Whether those extra investments in things like freight will turn into extra revenue streams that are as profitable as the core, as measured by contribution profit, is a deep question with several puts and takes. Not only are the other bets unproven at this time, the simple model outlined could still break down over time.
In particular, incentives paid to drivers are a way to keep revenue growing. It’s not necessarily the case that they can be lowered over time to yield a higher take rate. On the contrary, it’s entirely possible such incentives may rise as a proportion of bookings in order to make those bookings grow.
Already, the company’s revenue prospects show lower growth. Daniel Ives of Wedbush, who has an outperform rating on Uber stock and a $65 price target, models the company’s revenue growth cooling to 31.7% this year from 42.1% in 2018, and then down to 27% in 2020.
Ives also models the company losing $4 billion on an operating basis this year, and another $3.92 billion next year.
Already, the growth this quarter projected by Uber is somewhat lackluster. The company in its amended prospectus filed last month projected March-quarter revenue growth in a range of 20% from the year-earlier period.

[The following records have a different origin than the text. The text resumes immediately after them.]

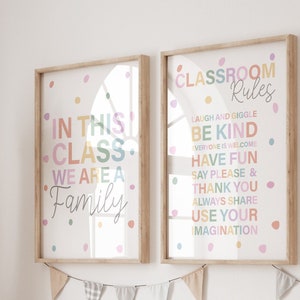 Juego de 2 carteles con las reglas del aula, impresiones educativas, decoración del aula, carteles de aprendizaje, letrero para el aula, En esta clase, decoración del aula del maestro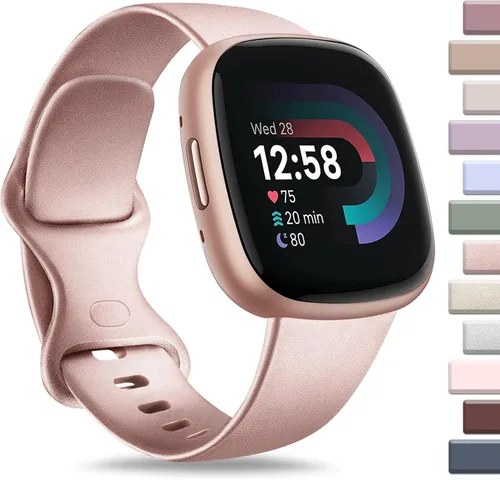 Vista 24 de AK Correa deportiva compatible con Fitbit Sense 2, Versa 4, Versa 3, correas clásicas de silicona suave para reloj inteligente, para mujeres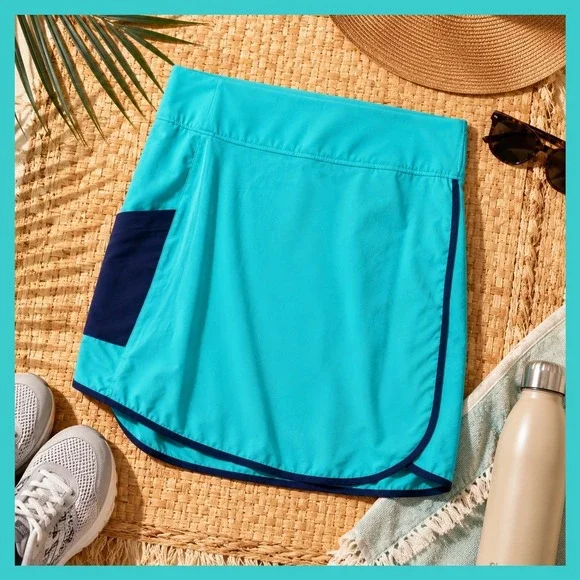 Performance Skort Teal Navy Active Athleisure Golfcore Coastal Tennis Pickleball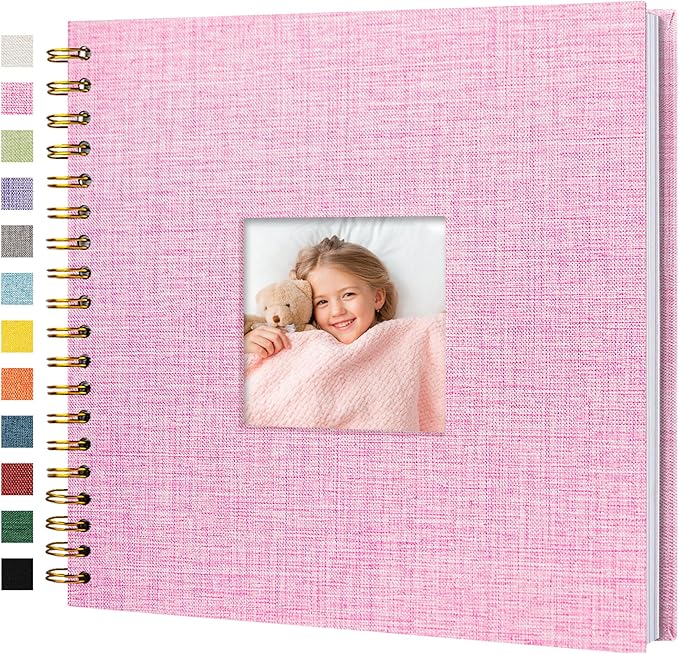 10"x10" Scrapbook Photo Album Linen Cover 20 Sheets 40 Pages White Paper | Pink Hardcover Kraft White Pages Memory Book, for Travel Wedding Guest Book Christmas Baby Shower Fits 4x6 & Instant Photos by Hiwhy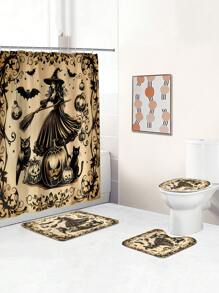 1 Stücke/4 Stücke Halloween Hexe Bad Kürbis Vorhang Dekoration, schönes Einweihungsgeschenk, moderne Heimdekoration, wasserdichter Duschvorhang und Toiletten-Bodenmatte Drei-Teile-Set mit 12 Duschvorhangösen Schulanfang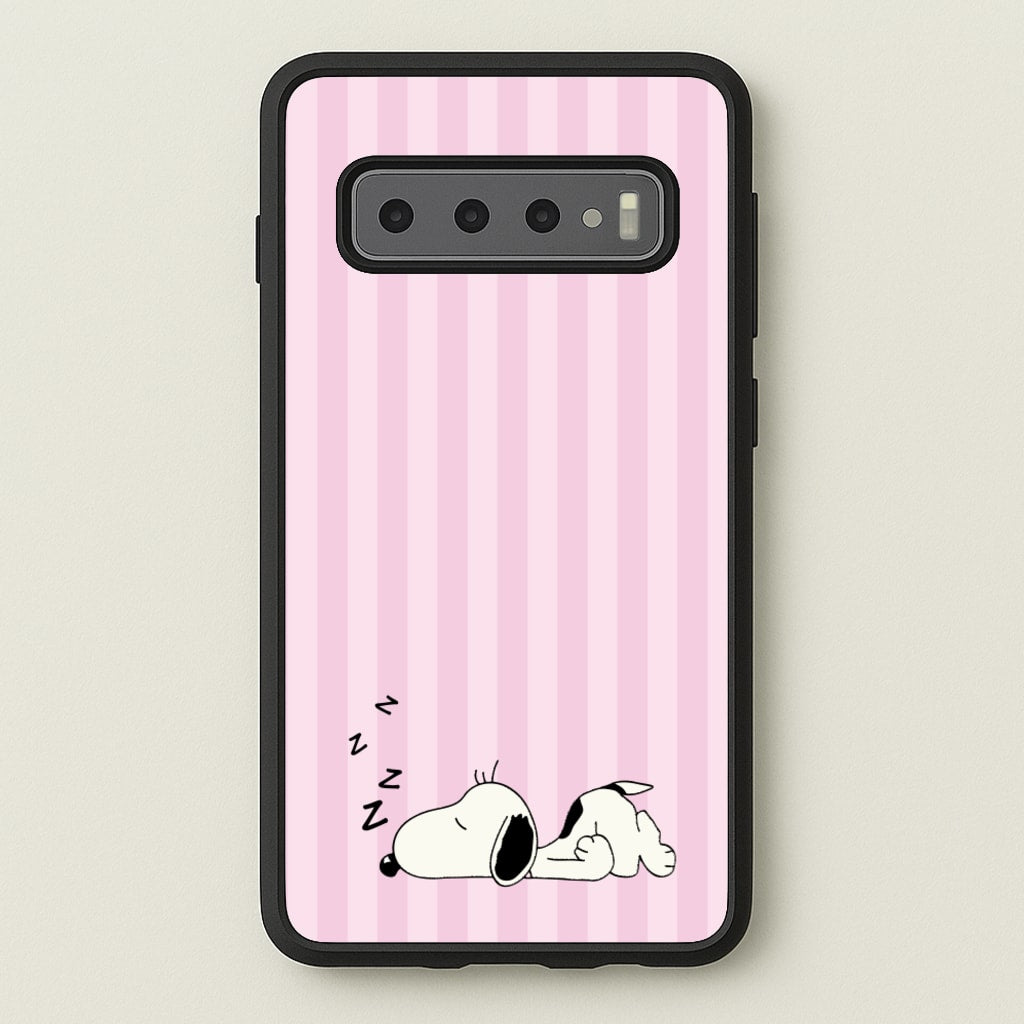 Pastel Stripes Cartoon Beagle - Snoopy Phone Case for Galaxy S10 Plus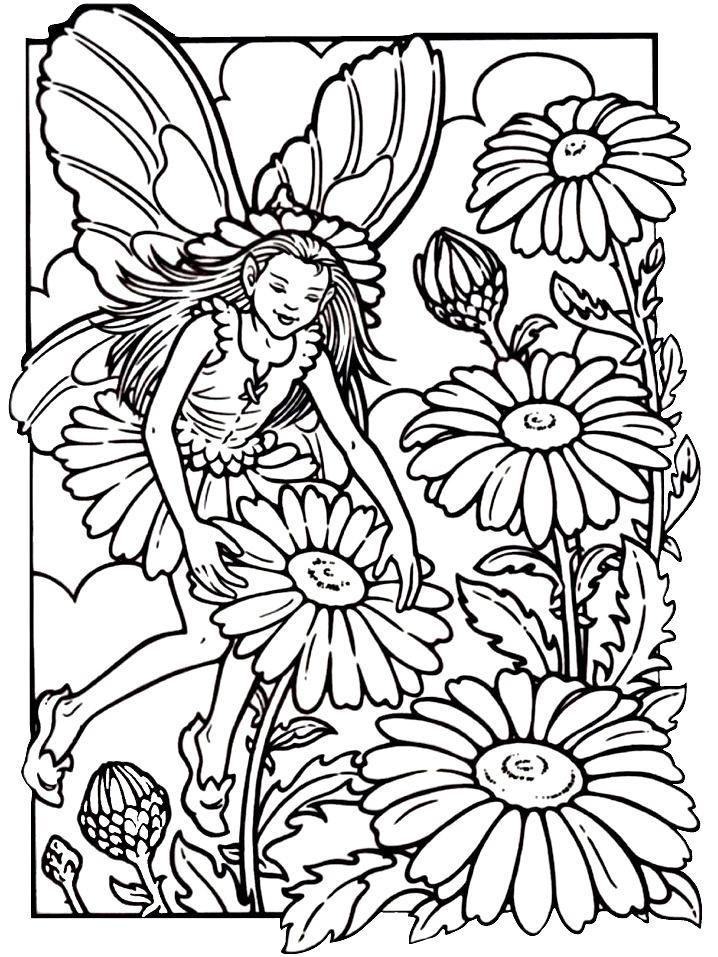 Daisy Fairy Coloring Page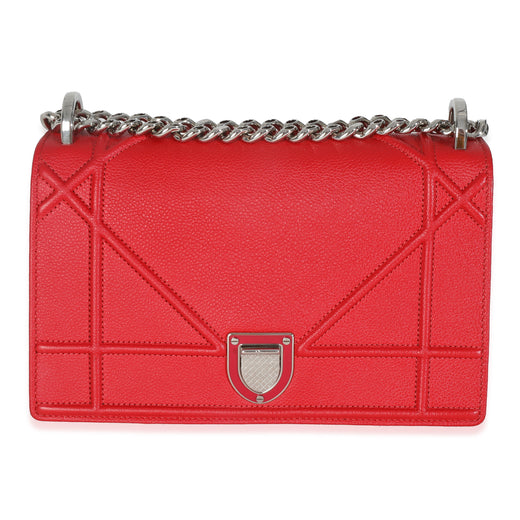 Christian Dior Red Grained Calfskin Small Diorama Flap Bag Leather Handbag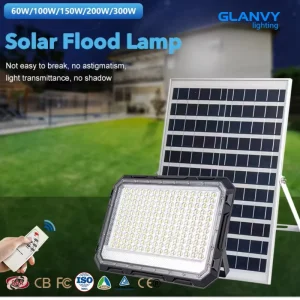 Dusk to Dawn Solar Flood Light 60W 100W 150W 200W 300W LED 6000K Outdoor Motion Sensor Security Light IP65 Remote Control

So, growth is not certain. And how much Uber has to spend to keep growth going, and to expand into new areas, remains to be seen. Chief Financial officer Nelson Chai said on CNBC that his company may raise debt in future.
There is, however, one other scenario worth considering in making a full and fair assessment of whether to buy into the shares. That’s data, lots of data. Uber has provided over 10 billion trips to date. As a result, it has gathered enormous amounts of data, something that is not explicitly laid out in its prospectus and not often touched on by observers. In an era when data is “the new oil,” as they say, being in the middle of a new industry and having reams of data is a unique position for Uber.
It is possible that there is lasting value for the company in analyzing that data and seeing insights that other companies don’t see because they don’t have Uber’s market position. There’s also probably lasting value in the tools and techniques that Uber is developing to sift and sort that data, which is itself an amazing undertaking given the scale of such data. Whether or not Uber makes 9% on every trip taken, or nothing at all, the act of simply amassing data and learning how to derive insights from it has a value in and of itself. It gives Uber a unique position at the table in the era of Big Data.
How to value all that in the stock price isn’t clear. For the moment, the operating metrics are still what dominate.
Wedbush’s Ives, for one, values Uber on a sum-of-the-parts basis. He thinks the ride-sharing business should be worth 5.5 times as a multiple of enterprise value divided by revenue, or $74.74 billion. The meals part is worth another almost $20 billion. The part of Uber that develops autonomous vehicles may be worth another $7 billion, and finally the other bets category is worth $8.5 billion.
All that adds up to almost $110 billion, or what Ives deems $65 per share. Whether investors will believe all that should be made clear fairly soon.